--- Information supplied ---
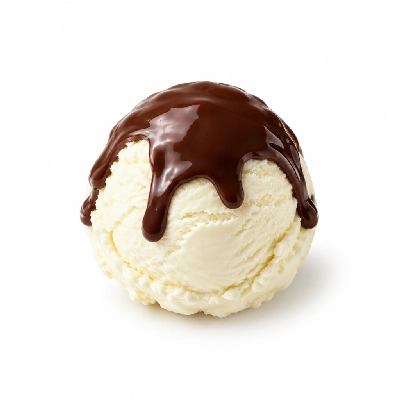East Coast Wings + Grill Scoop of Vanilla Ice Cream with Chocolate Sauce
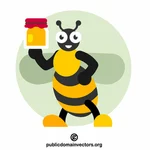 Bee holding a honey jar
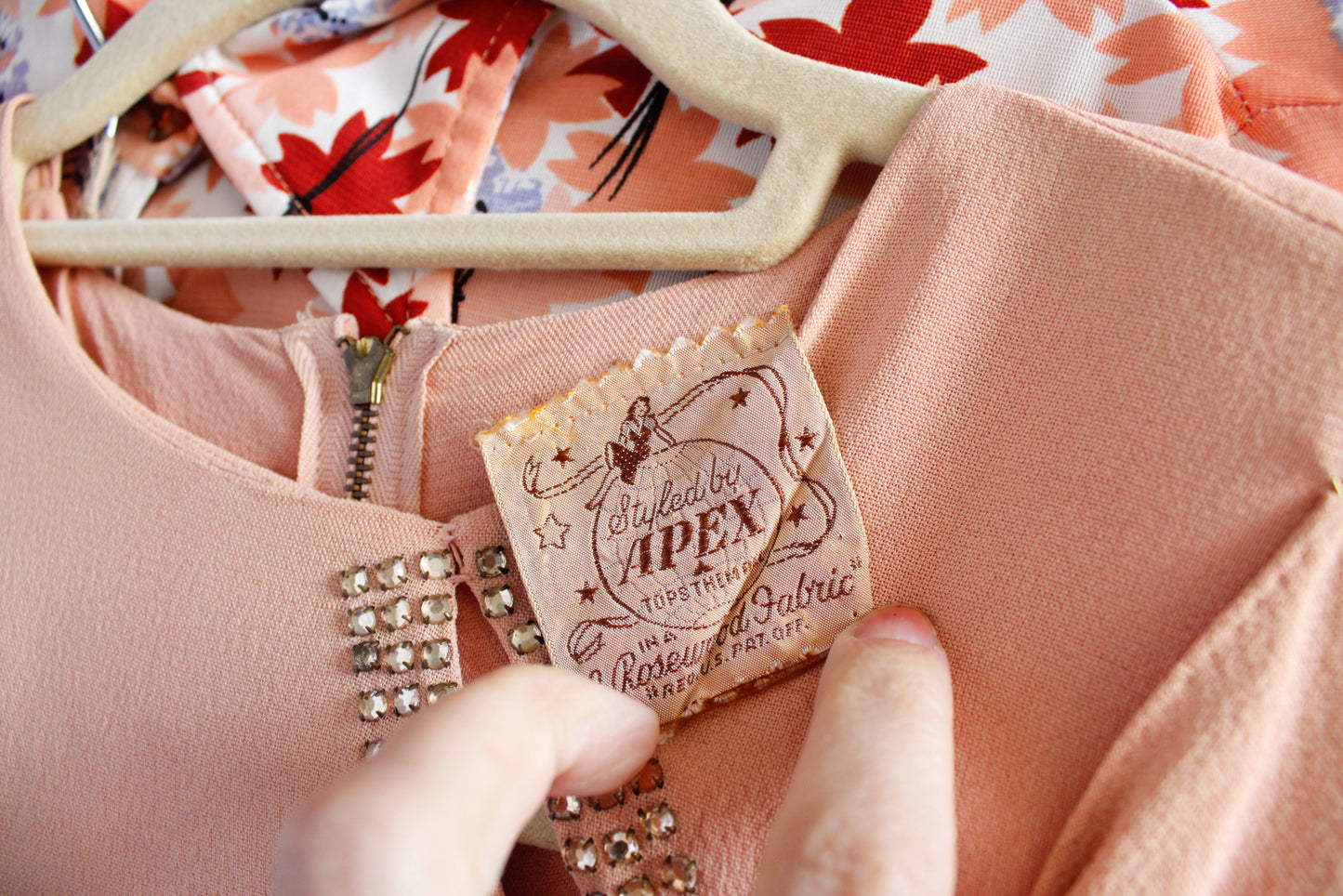 1940s Apex Pink Rhinestone Dress - M/L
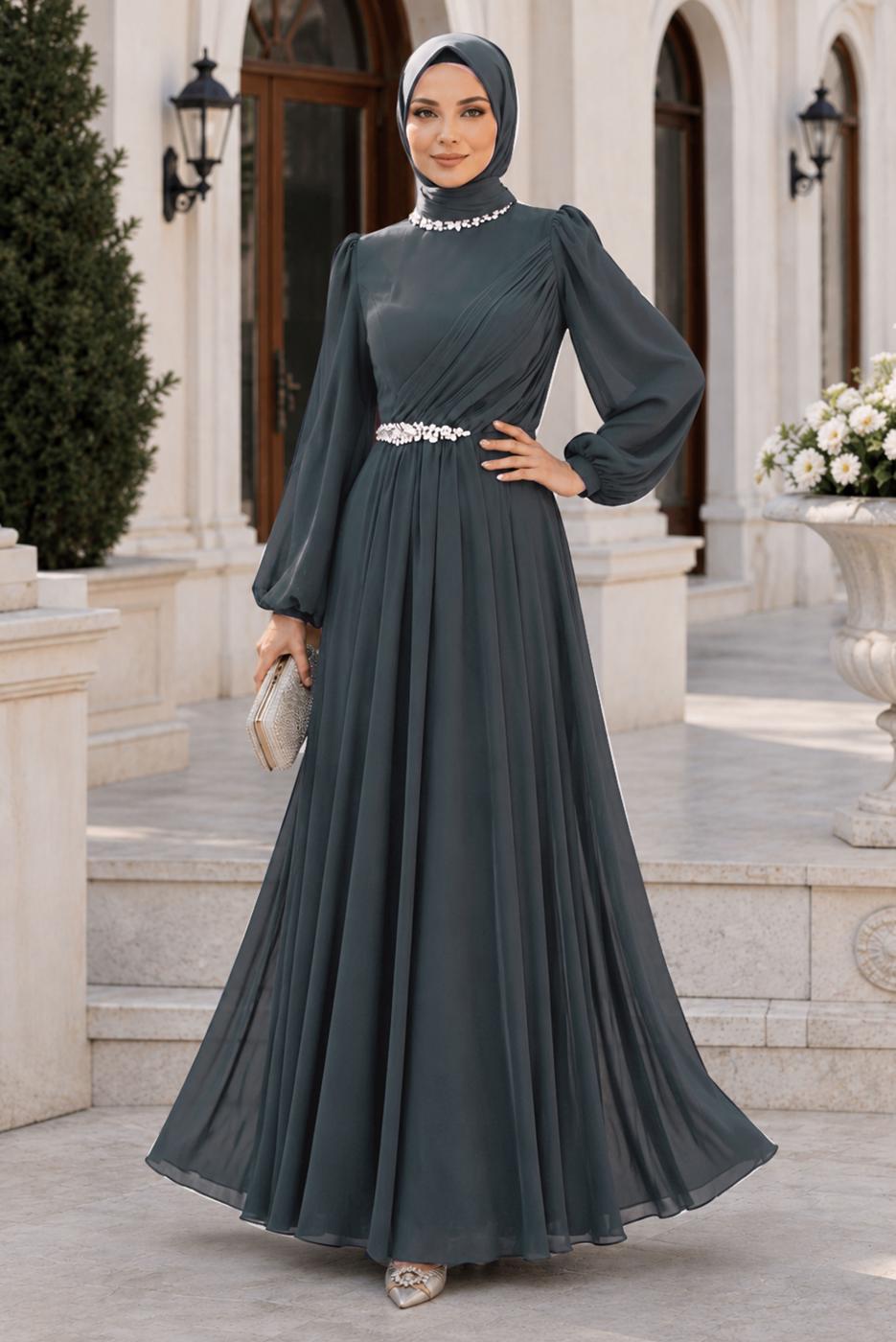 Tesettür giyim GRİ TAŞ DETAYLI ŞİFON ABİYE ELBİSE T 6363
---
→ **Task details**: Set the whole listing down again unchanged, apart from the pictures, which are omitted.

→ **Answer area**:
East Coast Wings + Grill Scoop of Vanilla Ice Cream with Chocolate Sauce
 Bee holding a honey jar
 1940s Apex Pink Rhinestone Dress - M/L
 Tesettür giyim GRİ TAŞ DETAYLI ŞİFON ABİYE ELBİSE T 6363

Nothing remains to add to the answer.